Given material:

▬▬▬▬▬▬

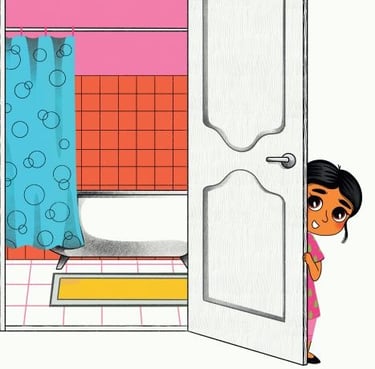 Jiya's Hidey Spots - children's picture book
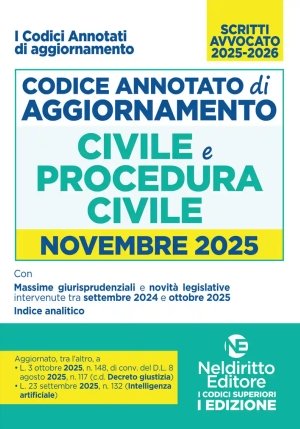 Codice Aggiornamento Civile E Pr.civile fronte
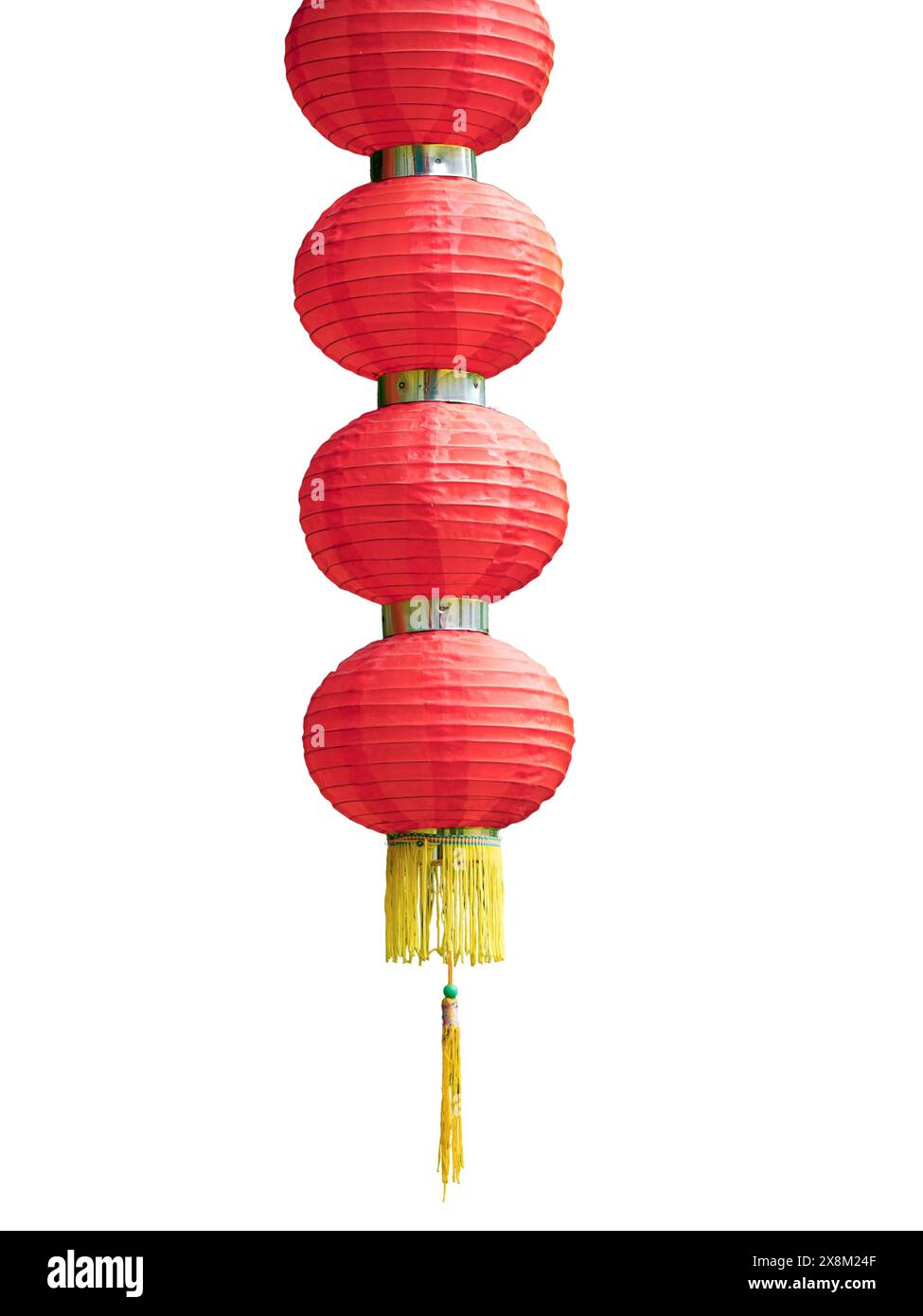 Beautiful chinese Lantern isolated in White Background Stock Photo - Alamy
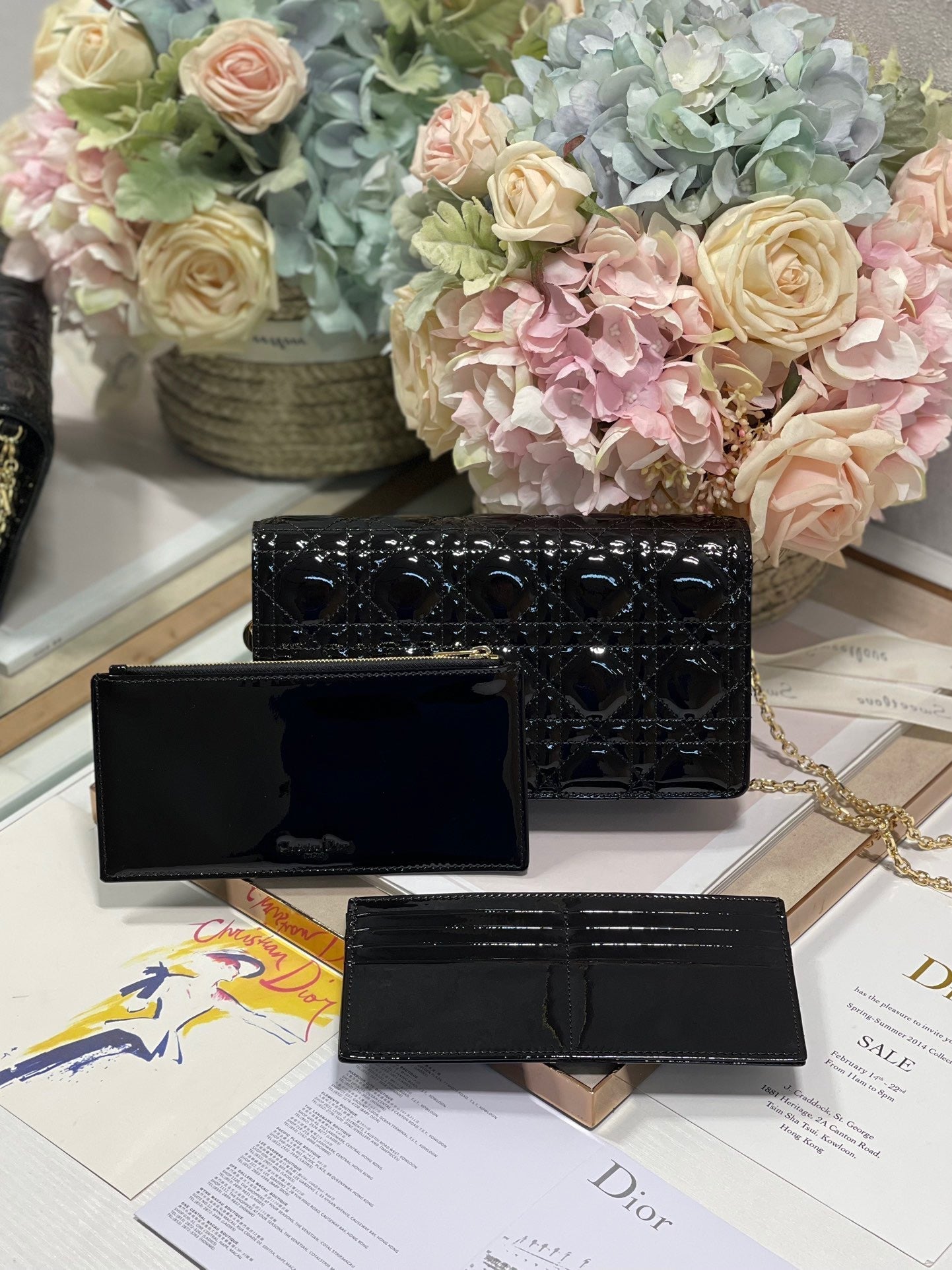 Top Quality Lady Pouch Black, For Women, Womens Handbags 8.5in/21.5cm CD S0204OVRB_M900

▬▬▬▬▬▬

What the task asks: Lines before the one containing "Beautiful chinese Lantern" are not wanted; repeat that line and the rest of the listing exactly, leaving out pictures.

Expected answer:
 Beautiful chinese Lantern isolated in White Background Stock Photo - Alamy
 Top Quality Lady Pouch Black, For Women, Womens Handbags 8.5in/21.5cm CD S0204OVRB_M900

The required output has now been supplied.